El Congreso Constituyente reunido en Tucumán en 1816 tenía dos grandes objetivos: declarar la Independencia de las Provincias Unidas y sancionar una Constitución con el fin de organizar jurídica y políticamente al territorio independizado.

La voluntad de autogobierno expresada en mayo de 1810 había evolucionado hacia 1816 en un claro deseo de independencia. Este cambio de rumbo colocaba en el centro del escenario político tareas de gran complejidad. No solo se trataba de continuar una guerra que cada vez más adquiría rasgos independentistas, sino también de resolver cómo organizar el espacio común en un territorio que ya no respondía a la estructura del Virreinato. Pensar lo que era "lo común" implicaba abordar debates fundamentales sobre las formas de gobierno y los modos de representar la soberanía del pueblo. El Congreso de Tucumán fue el escenario elegido para enfrentar estos desafíos y dar un paso audaz y necesario.

Un Contexto Desafiante

Para comprender la urgencia y la importancia del Congreso de Tucumán, es crucial analizar la situación de los patriotas en 1816. Como se mencionó, la Restauración en Europa significaba el retorno a los principios absolutistas. Fernando VII, particularmente reaccionario según los relatos, no ocultaba su intención de subyugar nuevamente a las colonias americanas. Las misiones diplomáticas enviadas a Europa, como la de Belgrano y Rivadavia, confirmaron que no había posibilidad de negociación con las potencias europeas, sumidas en un clima conservador. Incluso hubo planes desesperados, como el de Manuel de Sarratea, para secuestrar un infante español y coronarlo en Buenos Aires, buscando apaciguar a Europa, lo que demuestra la desesperación del momento.

En América Latina, el panorama era igualmente sombrío. Levantamientos antiespañoles habían sido sofocados en México y Venezuela, con figuras clave como José María Morelos fusilado y Simón Bolívar exiliado.

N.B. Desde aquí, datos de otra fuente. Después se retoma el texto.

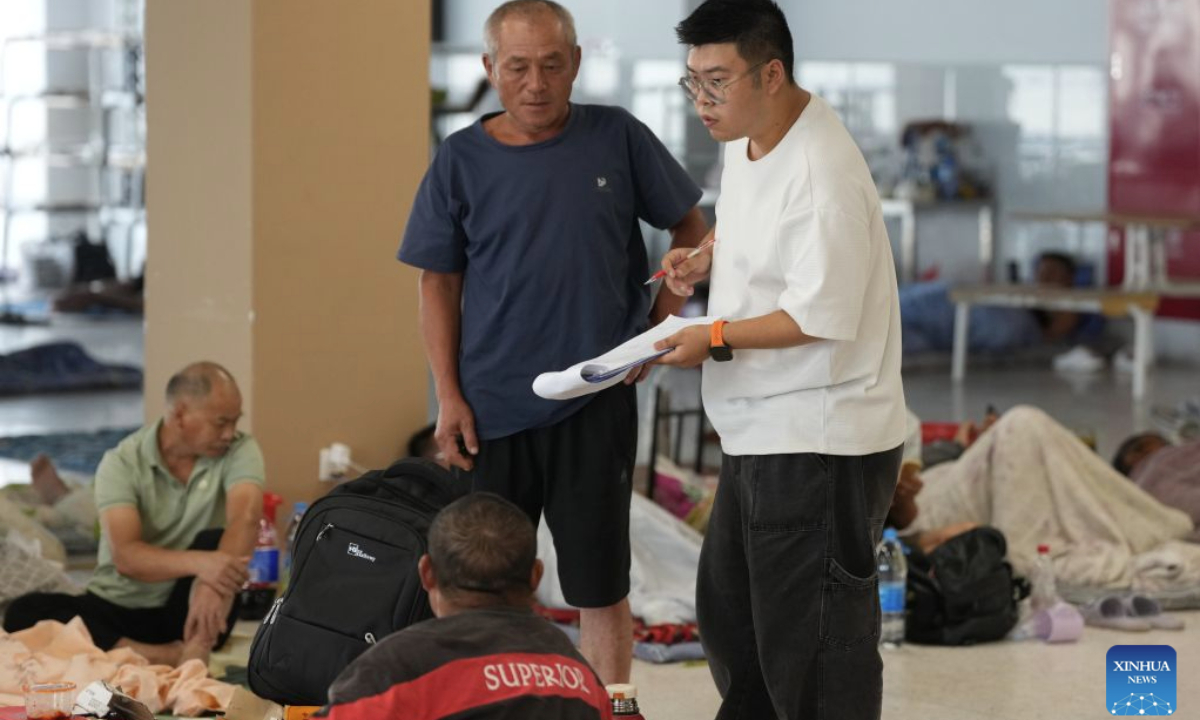 A staff member (R) inquires about people's need at a resettlement site at a middle school in Yuhuan City, east China's Zhejiang Province, Aug. 27, 2026. East China's Zhejiang Province raised its typhoon emergency response to Level I, the highest level, at 8 p.m. Thursday as Typhoon Saudel, the 18th typhoon of this year, is forecast to make landfall in the province. (Xinhua/Huang Zongzhi)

En Chile, la derrota de Rancagua en 1814 había dispersado a los patriotas, y las fuerzas realistas recuperaban el poder, amenazando con invadir las últimas provincias rebeldes al este de los Andes. La grave situación militar y política exigía una definición clara y contundente sobre el estatus de las provincias rioplatenses.

¿Por Qué Tucumán?

La elección de San Miguel de Tucumán como sede para el Congreso no fue casual. Respondía a razones geográficas y, sobre todo, políticas. La ciudad estaba ubicada en el centro del antiguo Virreinato del Río de la Plata, lo que la hacía más accesible para los representantes de las diversas provincias en comparación con la lejana Buenos Aires. Pero la principal razón, según los testimonios de la época, era la profunda desconfianza que muchas provincias sentían hacia el poder centralizado de Buenos Aires. Existía la percepción de que la capital buscaba imponer su voluntad y subyugar al resto del territorio. Trasladar el Congreso a Tucumán era una forma de demostrar una voluntad de federalismo o, al menos, de horizontalidad, permitiendo que las decisiones trascendentales fueran tomadas lejos de la influencia directa y, a veces, opresora de las "bayonetas" porteñas, como expresaba Fray Cayetano Rodríguez.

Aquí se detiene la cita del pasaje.